→ **The problem**
Return the listing below exactly as it stands. Pictures stay out.

→ **Record excerpts**

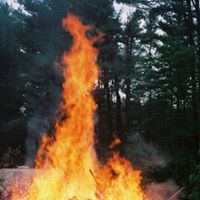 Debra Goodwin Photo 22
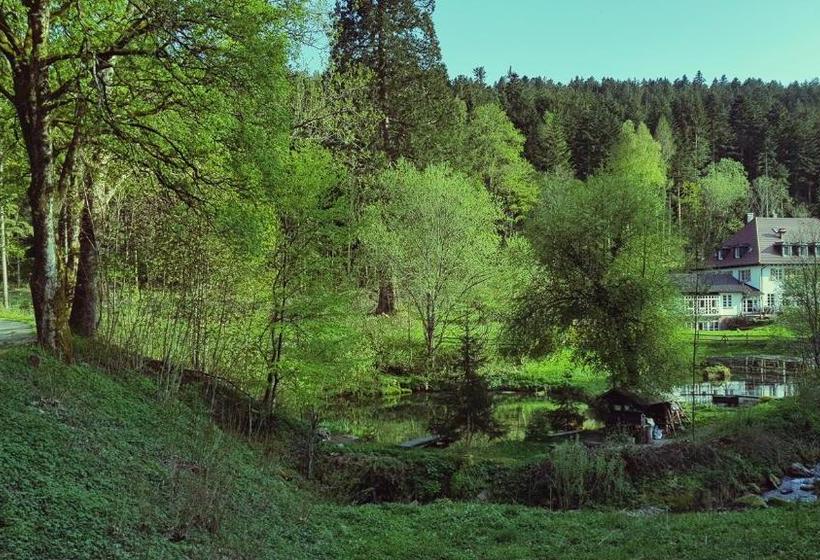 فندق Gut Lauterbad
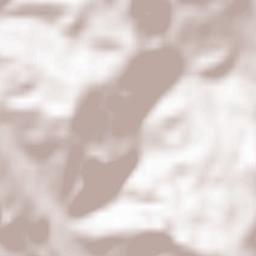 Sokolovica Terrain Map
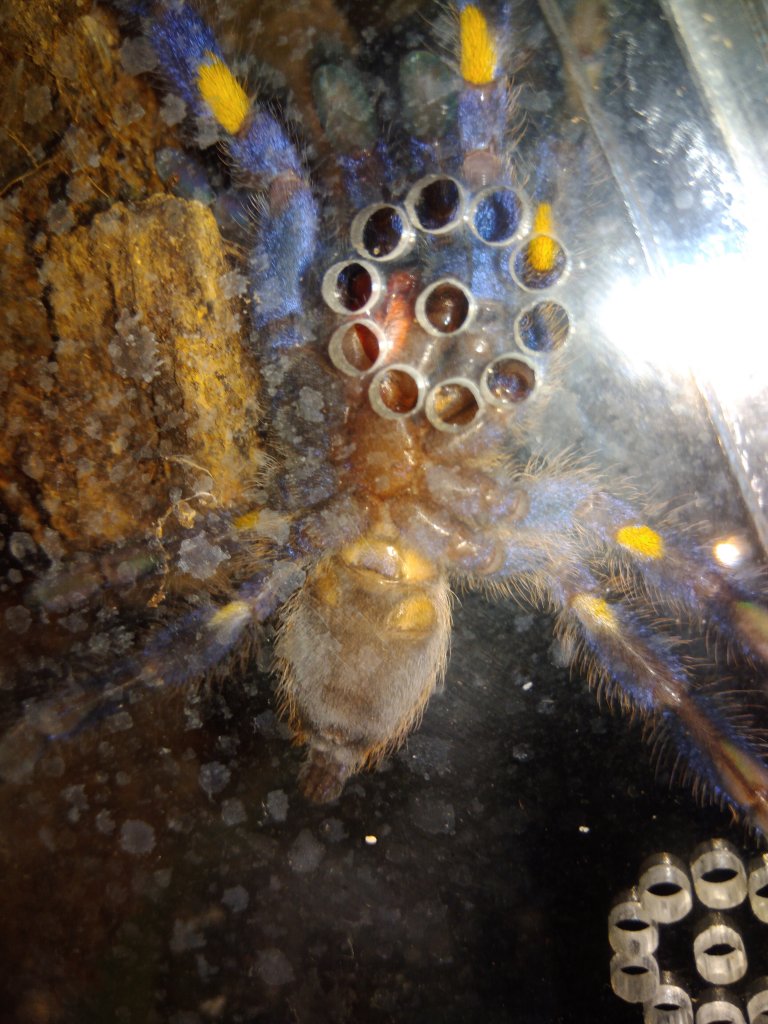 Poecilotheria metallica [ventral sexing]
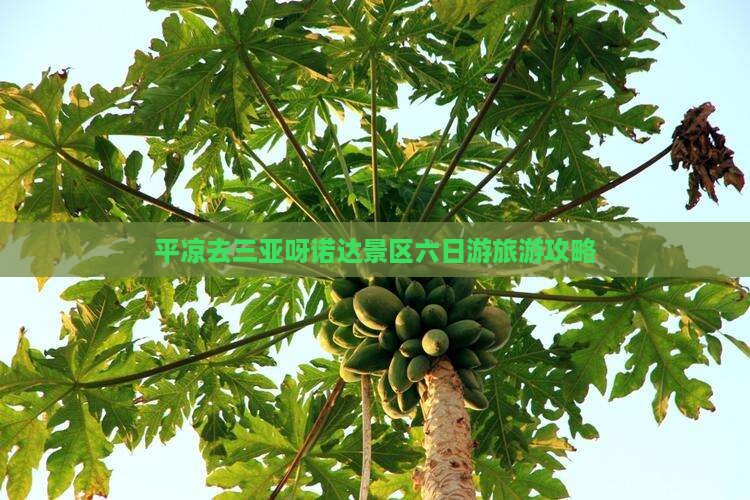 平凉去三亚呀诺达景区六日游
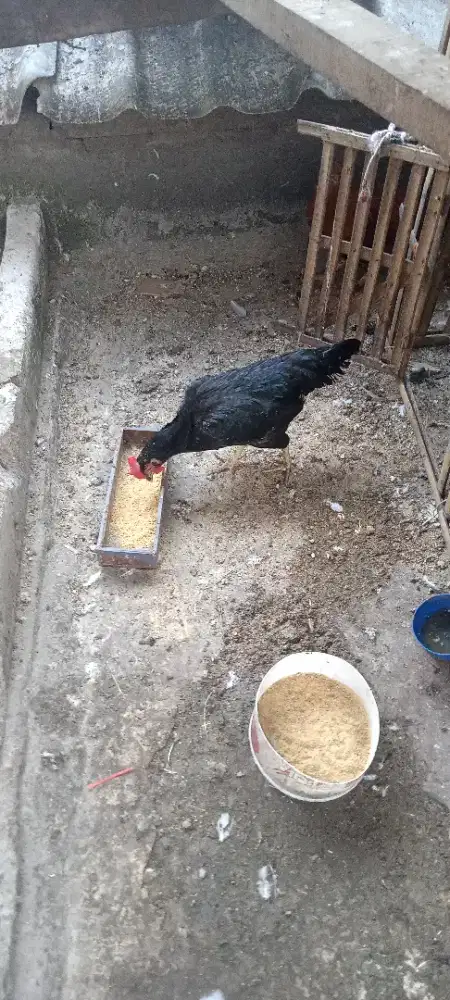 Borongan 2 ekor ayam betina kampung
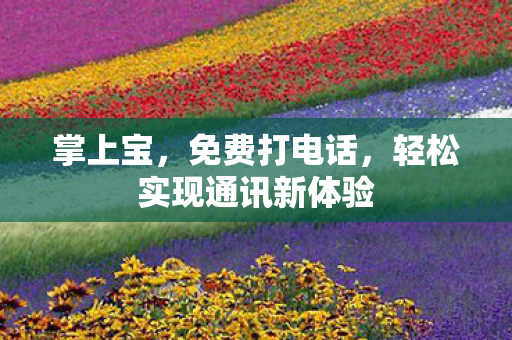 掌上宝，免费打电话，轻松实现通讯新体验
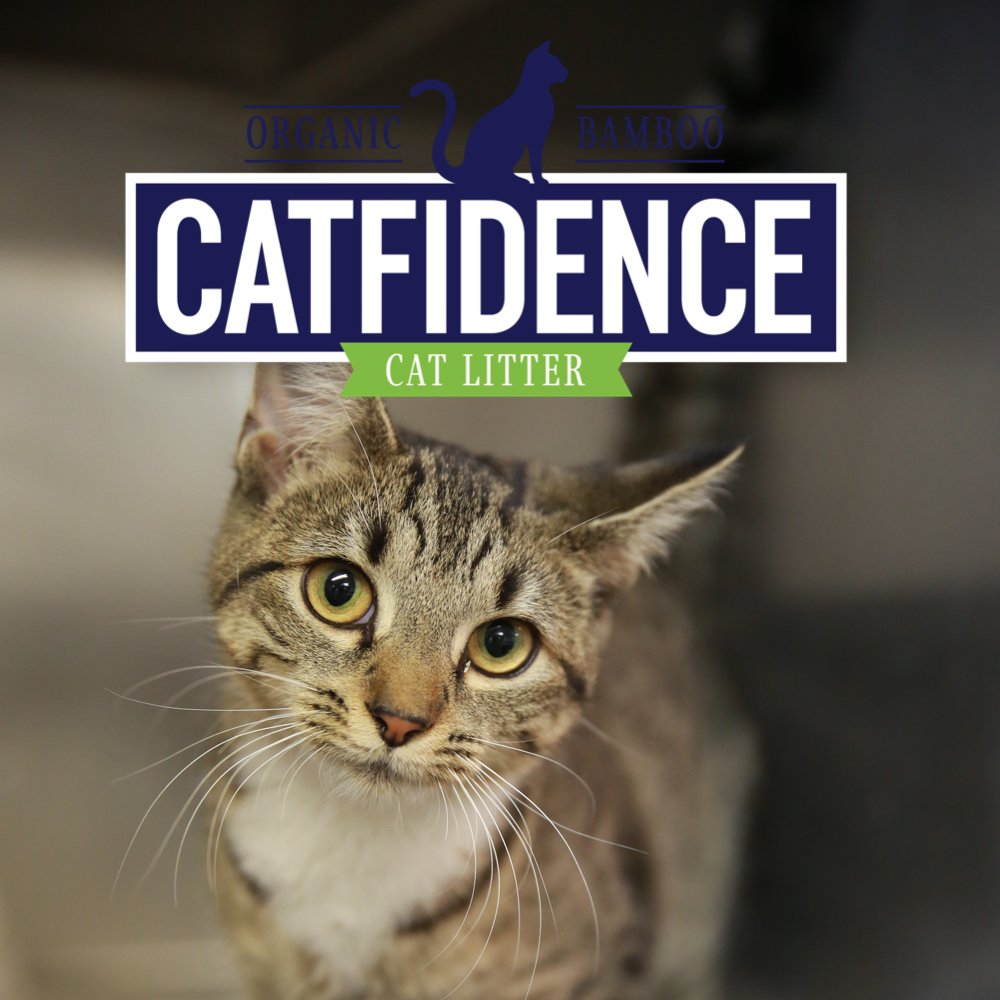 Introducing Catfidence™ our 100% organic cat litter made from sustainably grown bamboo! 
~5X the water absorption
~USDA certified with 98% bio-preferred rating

→ **Exercise response**
 Debra Goodwin Photo 22
 فندق Gut Lauterbad
 Sokolovica Terrain Map
 Poecilotheria metallica [ventral sexing]
 平凉去三亚呀诺达景区六日游
 Borongan 2 ekor ayam betina kampung
 掌上宝，免费打电话，轻松实现通讯新体验
 Introducing Catfidence™ our 100% organic cat litter made from sustainably grown bamboo! 
~5X the water absorption
~USDA certified with 98% bio-preferred rating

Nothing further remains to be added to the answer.